Что же касается бытовых и научно-технических мотивировок, то они, повторяю, лишь порождают ненужные и безответные вопросы, Ну, скажите, зачем ФСБ затевать какие-то таинственные эксперименты, если ту же иллюзию превосходства над «лохами» можно создать у Алеши, просто усадив его у экрана обычного телевизора, где в образе смехотворного идиота фиглярствует Петросян (эти кадры не случайно дважды повторяются в картине).
Эксперимент, на котором крепится вся философская конструкция фильма «Четыре» Ильи Хржановского, большинство наших критиков вообще отказалось признать сюжетной реалией, Вроде бы есть все основания считать, что это лишь «турусы на колесах», байка подвыпившего посетителя ночного бара (Сергей Шнуров). Чтобы «прикадрить» понравившуюся ему героиню, отвязный настройщик роялей рассказывает о своих поездках в жутковатые инкубаторы для людей — закрытые лаборатории, где в советское время проводились опыты по массовому клонированию человеческих особей.

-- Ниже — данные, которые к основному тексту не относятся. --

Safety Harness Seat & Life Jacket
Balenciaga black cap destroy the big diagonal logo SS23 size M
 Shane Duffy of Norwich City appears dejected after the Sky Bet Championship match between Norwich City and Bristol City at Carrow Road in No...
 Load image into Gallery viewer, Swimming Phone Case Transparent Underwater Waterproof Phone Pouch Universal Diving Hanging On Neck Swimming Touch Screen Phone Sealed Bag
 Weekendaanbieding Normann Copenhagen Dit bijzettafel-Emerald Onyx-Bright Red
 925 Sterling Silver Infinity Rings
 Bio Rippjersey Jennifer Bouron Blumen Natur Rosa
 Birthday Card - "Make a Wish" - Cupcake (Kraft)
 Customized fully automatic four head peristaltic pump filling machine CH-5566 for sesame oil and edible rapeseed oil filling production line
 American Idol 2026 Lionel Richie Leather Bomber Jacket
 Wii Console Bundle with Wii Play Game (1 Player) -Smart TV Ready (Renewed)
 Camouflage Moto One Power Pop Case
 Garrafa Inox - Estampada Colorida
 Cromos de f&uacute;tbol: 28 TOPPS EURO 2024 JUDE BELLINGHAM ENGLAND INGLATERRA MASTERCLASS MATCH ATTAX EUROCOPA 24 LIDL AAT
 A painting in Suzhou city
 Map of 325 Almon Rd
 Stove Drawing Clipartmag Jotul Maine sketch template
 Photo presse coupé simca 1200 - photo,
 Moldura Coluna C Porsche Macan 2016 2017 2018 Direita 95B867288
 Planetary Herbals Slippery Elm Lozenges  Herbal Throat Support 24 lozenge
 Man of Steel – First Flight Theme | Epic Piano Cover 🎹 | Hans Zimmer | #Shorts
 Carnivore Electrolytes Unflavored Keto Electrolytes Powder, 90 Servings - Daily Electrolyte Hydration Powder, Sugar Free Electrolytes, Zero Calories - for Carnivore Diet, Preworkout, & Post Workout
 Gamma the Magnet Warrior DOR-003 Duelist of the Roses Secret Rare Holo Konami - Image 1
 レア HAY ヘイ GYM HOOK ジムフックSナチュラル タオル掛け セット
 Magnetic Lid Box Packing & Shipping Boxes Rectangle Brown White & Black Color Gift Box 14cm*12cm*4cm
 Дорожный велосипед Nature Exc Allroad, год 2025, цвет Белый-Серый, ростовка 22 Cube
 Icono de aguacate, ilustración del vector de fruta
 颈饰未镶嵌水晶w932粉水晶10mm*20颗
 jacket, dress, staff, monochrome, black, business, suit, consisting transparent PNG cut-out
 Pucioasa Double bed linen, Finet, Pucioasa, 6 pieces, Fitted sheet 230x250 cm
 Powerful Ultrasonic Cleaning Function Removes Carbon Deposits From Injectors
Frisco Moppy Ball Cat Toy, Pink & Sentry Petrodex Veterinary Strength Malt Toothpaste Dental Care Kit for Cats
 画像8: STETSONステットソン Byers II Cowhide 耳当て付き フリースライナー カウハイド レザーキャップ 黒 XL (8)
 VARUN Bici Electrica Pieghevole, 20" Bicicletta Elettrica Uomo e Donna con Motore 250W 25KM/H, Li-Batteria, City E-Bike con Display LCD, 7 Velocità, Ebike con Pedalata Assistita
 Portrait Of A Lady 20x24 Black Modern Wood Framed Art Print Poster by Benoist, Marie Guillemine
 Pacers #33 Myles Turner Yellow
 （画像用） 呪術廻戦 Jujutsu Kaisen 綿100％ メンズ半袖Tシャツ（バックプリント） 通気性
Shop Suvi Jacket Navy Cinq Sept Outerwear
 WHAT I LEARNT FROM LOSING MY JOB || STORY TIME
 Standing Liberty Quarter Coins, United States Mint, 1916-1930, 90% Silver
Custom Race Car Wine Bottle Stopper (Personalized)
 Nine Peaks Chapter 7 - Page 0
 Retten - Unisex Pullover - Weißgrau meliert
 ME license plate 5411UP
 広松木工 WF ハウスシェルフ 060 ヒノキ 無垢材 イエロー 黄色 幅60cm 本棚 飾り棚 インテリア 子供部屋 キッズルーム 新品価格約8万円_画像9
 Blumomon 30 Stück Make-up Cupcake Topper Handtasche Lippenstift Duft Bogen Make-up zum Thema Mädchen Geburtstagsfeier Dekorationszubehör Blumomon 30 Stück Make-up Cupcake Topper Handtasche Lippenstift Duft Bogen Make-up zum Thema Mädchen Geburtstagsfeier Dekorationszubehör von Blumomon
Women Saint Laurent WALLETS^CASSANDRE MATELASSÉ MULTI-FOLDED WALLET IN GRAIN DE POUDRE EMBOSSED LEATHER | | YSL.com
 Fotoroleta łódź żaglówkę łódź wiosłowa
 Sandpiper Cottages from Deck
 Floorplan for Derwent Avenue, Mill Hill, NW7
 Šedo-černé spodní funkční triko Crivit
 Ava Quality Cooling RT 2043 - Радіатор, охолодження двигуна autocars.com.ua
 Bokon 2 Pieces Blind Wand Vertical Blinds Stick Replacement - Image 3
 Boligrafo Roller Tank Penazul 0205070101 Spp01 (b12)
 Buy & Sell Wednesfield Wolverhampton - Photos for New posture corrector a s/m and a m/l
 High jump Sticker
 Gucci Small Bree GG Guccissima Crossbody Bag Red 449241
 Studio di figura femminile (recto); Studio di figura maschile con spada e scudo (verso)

Байка? Нет, скорее всего, не байка — если учесть то многообразие многозначительных нюансов, подтекста и сюжетных перипетий, в которых она резонирует на протяжении всего фильма. Режиссер-дебютант Илья Хржановский едва ли был бы замечен и отмечен мировым кинематографическим бомондом, изобрази он своих клонов инфернальными чудовищами, как в голливудском трэше, или трагическими отщепенцами, как в фильмах Лопушанского.
Следуя за Сорокиным, Хржановский сумел так необычно развернуть философско-футуристическую тему социальной антиутопии, что его при всем желании не спутаешь ни с Тарковским, ни с Лопушанским. Снятые «под документ» деревенские эпизоды мрачно-разгульной тризны, которую несколько актеров и настоящие деревенские старухи справляют по своей молодой односельчанке, отмечены социальной остротой и режиссерским драйвом уже сами по себе, без всякого подтекста. Но для умного зрителя они обретают дополнительный смысл и драйв, если зритель готов считать, что в кадре не просто деревня, а некий род резервации (намек на то — кадр со столбами с обрывками колючей проволоки), куда переселялись «не соответствующие ГОСТу» клоны, в том числе и безвременно умершая Зоя — одна из четверки клонированных сестер. И что подвыпивший рассказчик Володя занимался настройкой не роялей, а «человеков». И что не случайно три сестры (Марина, Ирина и Светлана Вовченко), приехавшие на поминки четвертой — девушки с внешностью русских красавиц и судьбой городских проституток, — обнаруживают душевное родство с деградировавшими, порой слабоумными и безобразными деревенскими старухами… При всех натуралистически-эпатирующих формах проявления этого родства (прежде всего, варварское женское пьянство и обжорство, циничная простота в поступках и словах) его нельзя считать «компроматом» для красавиц-сестер, ибо, как ни странно, порожденные тоталитарной системой люди-клоны наперекор всему сохраняют в себе печать индивидуальности и искры божьей.